Hikikomori
Hikikomori

Reputation: 39

About CSS3 style for heading 1

Okay, I have one <h1> in my <header> , and one <h1> in my <section>. The first question is why the size of this both <h1> different? I assume that they have their own size depends on their parents tags, which is I'm not certain of it. The second is I have styling this <h1> with external CSS, like:

h1{
   font-size:2em; 
}

tutorial but, the <h1> inside the <header> won't change, only the <h1> inside the <section> make sense. I'm still beginner even in html, so please explain nicely. Thanks in advance.

Upvotes: 0

Views: 86

Answers (2)

Roko C. Buljan
Roko C. Buljan

Reputation: 206565

Issue demo: http://jsfiddle.net/c06tpb3u

You're not using any CSS reset, which means you're at the browser's mercy and the default Stylsheet.

h1 {
    display: block;
    font-size: 2em;
    font-weight: bold;
    margin: 0.67em 0;
}

are the default styles set for h1 heading element

while for section things are getting salty:

h2, *:-moz-any(article, aside, nav, section) h1 { /*<<<< note h1 here*/
    display: block;
    font-size: 1.5em; /*<<<< and the new value*/
    font-weight: bold;
    margin: 0.83em 0;
}
h1 {
    /*display: block;*/
    /*font-size: 2em;*/
    /*font-weight: bold;*/
    /*margin: 0.67em 0;*/
}

so as you can notice (the above is inspecting in FF) that h1 is getting overwritten for h1 being inside section. <heading> element is omitted from that group leaving heading1 at the 2em default font size.

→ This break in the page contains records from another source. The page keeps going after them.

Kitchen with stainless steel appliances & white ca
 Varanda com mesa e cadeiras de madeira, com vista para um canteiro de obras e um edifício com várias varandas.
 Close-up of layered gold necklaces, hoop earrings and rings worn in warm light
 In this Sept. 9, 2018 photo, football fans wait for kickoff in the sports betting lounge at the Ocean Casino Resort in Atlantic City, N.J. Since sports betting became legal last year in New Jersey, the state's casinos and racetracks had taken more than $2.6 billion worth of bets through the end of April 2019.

Browsers' default CSS for HTML elements
https://developer.mozilla.org/en/docs/Web/CSS/length

em
This unit represents the calculated font-size of the element. If used on the font-size > property itself, it represents the inherited font-size of the element. This unit is often used to create scalable layouts, which keep the vertical rhythm of the page, even when the user changes the size of the fonts. The CSS properties line-height, font-size, margin-bottom and margin-top often has a value expressed in em.

Upvotes: 1

wayzz
wayzz

Reputation: 627

To override any CSS add the !important notation to the style..

h1{
   font-size:2em !important; 
}

This will override any of the browsers default CSS.